Required action — Restate word for word the lines below, from the one containing "天狗ノ庭(白馬大池への登山道)から見る雪倉岳 蓮華温泉~北アルプス白馬岳縦走登山 天狗ノ庭(白馬大池への登山道)から見る雪倉岳" through the final line, with no pictures included.

Stored records:
+===+

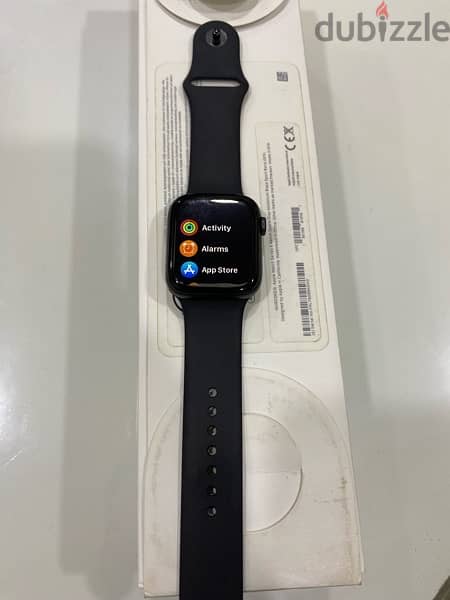 ساعه  ابل SERIES 4 Space Gray Aluminum Case Black Sport Band 44 MM 1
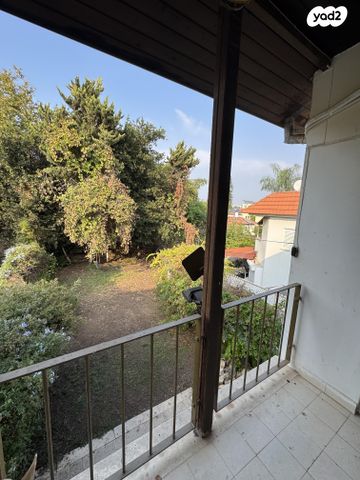 דו משפחתי, אלוף דוד 134, רמת חן, רמת גן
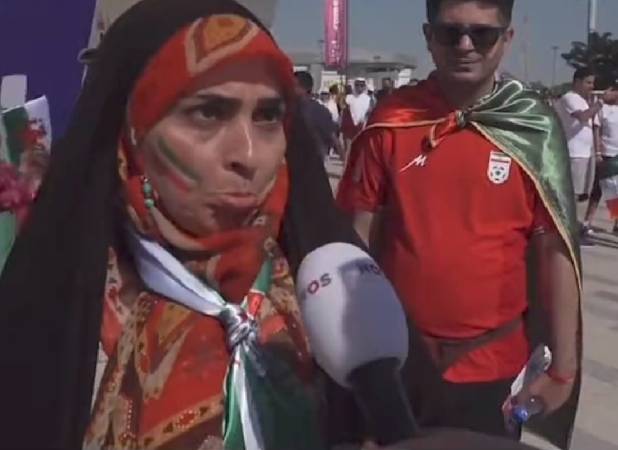 دابسمش جنجالی از مصاحبه خانم «بیکاز»!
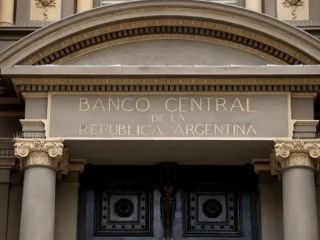El Banco Central baja la tasa de inters al 32%: Qu implica esta decisin?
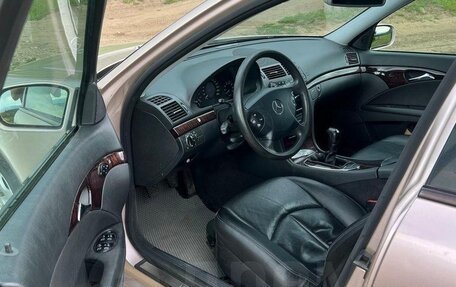 Mercedes-Benz E-Класс, 2005 год, 760 000 рублей, 7 фотография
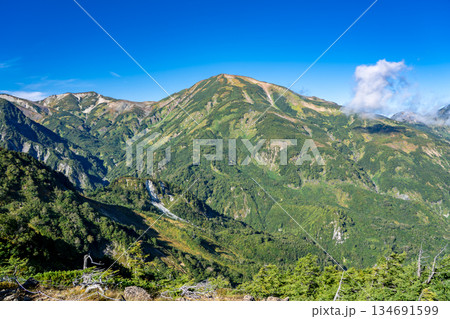 天狗ノ庭(白馬大池への登山道)から見る雪倉岳 蓮華温泉~北アルプス白馬岳縦走登山 天狗ノ庭(白馬大池への登山道)から見る雪倉岳 蓮華温泉~北アルプス白馬岳縦走登山 134691599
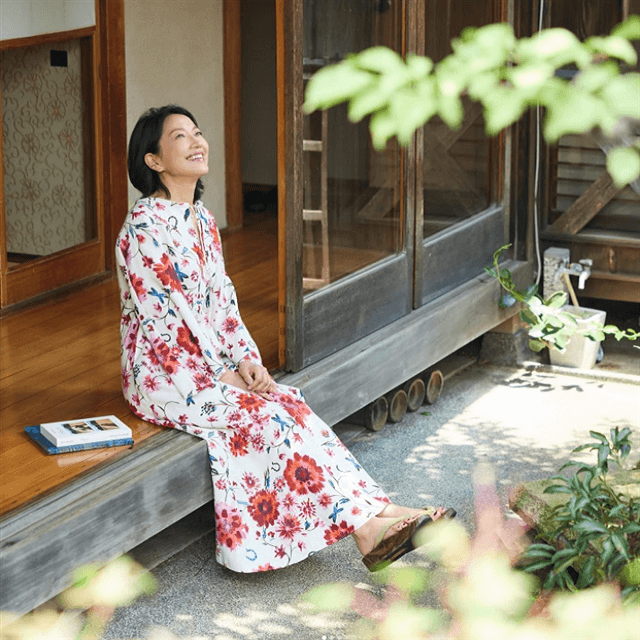 羽田美智子が縁側でくつろぎながら「涼」を感じる癒しショットを公開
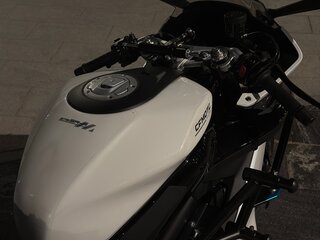 2025 CFMoto 675SR-R, белый, 699999 рублей, вид 5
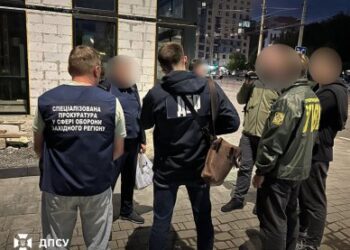 Сумські прикордонники викрили військового, який за хабар обіцяв переведення в тил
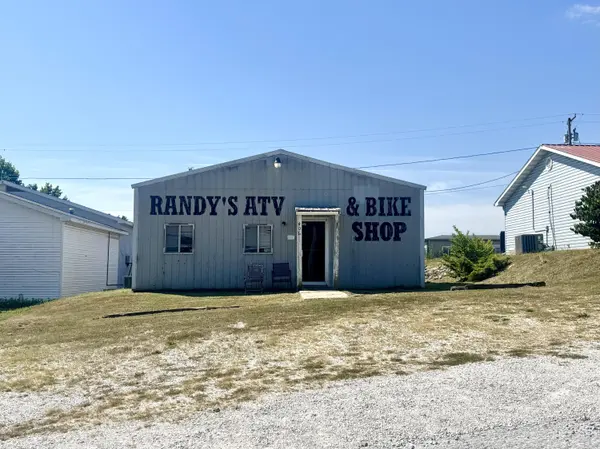406 Highway Rb, Stockton, MO 65785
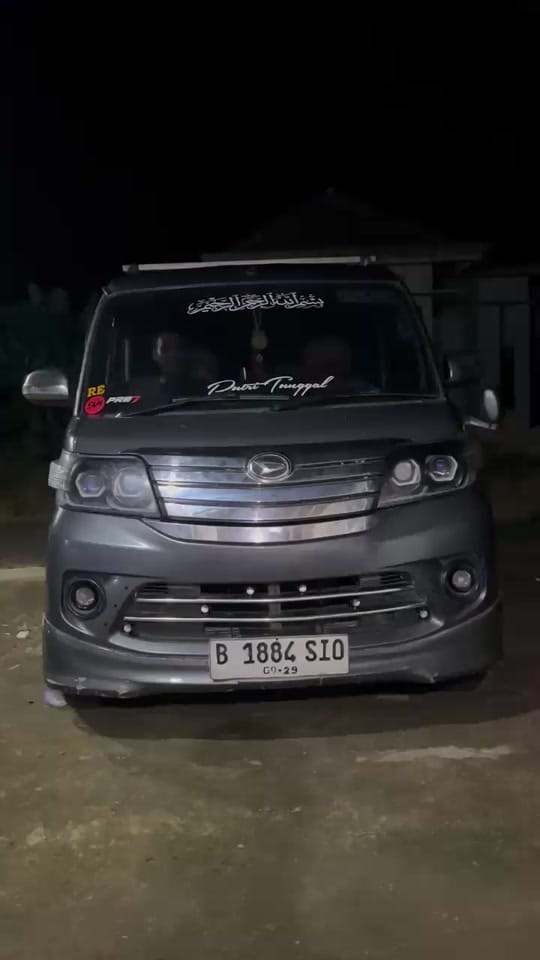 Post 6 by Mas Wahyu SR TRANS on TikTok (video)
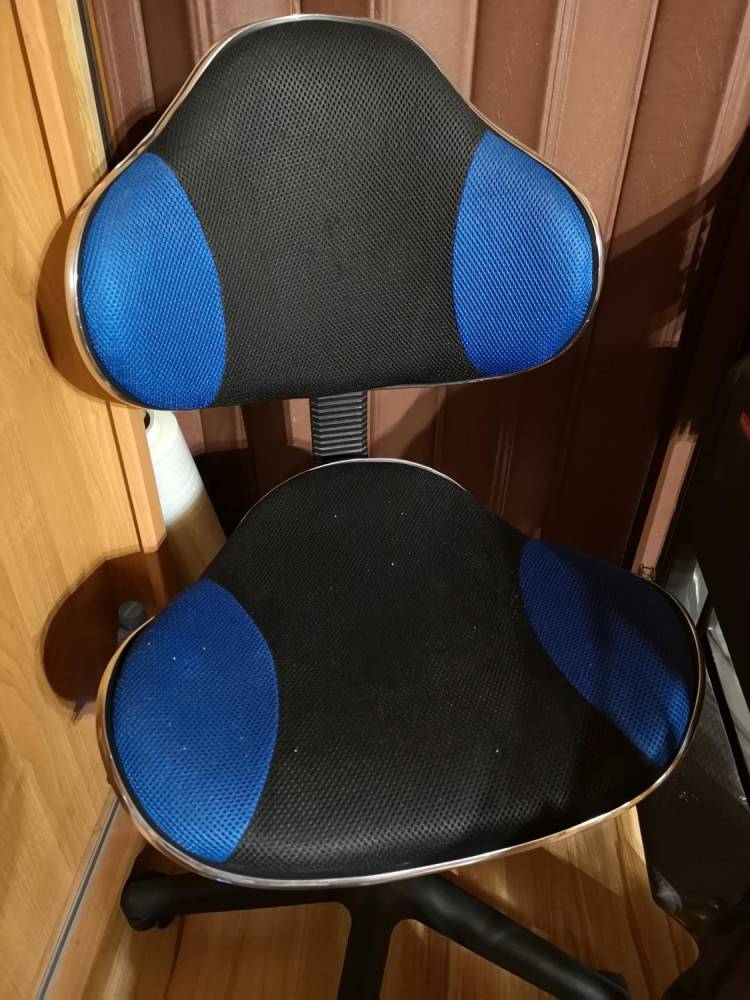 ox_sprzedam-fotel-biurowy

+===+

Exercise result —
 天狗ノ庭(白馬大池への登山道)から見る雪倉岳 蓮華温泉~北アルプス白馬岳縦走登山 天狗ノ庭(白馬大池への登山道)から見る雪倉岳 蓮華温泉~北アルプス白馬岳縦走登山 134691599
 羽田美智子が縁側でくつろぎながら「涼」を感じる癒しショットを公開
 2025 CFMoto 675SR-R, белый, 699999 рублей, вид 5
 Сумські прикордонники викрили військового, який за хабар обіцяв переведення в тил
406 Highway Rb, Stockton, MO 65785
 Post 6 by Mas Wahyu SR TRANS on TikTok (video)
 ox_sprzedam-fotel-biurowy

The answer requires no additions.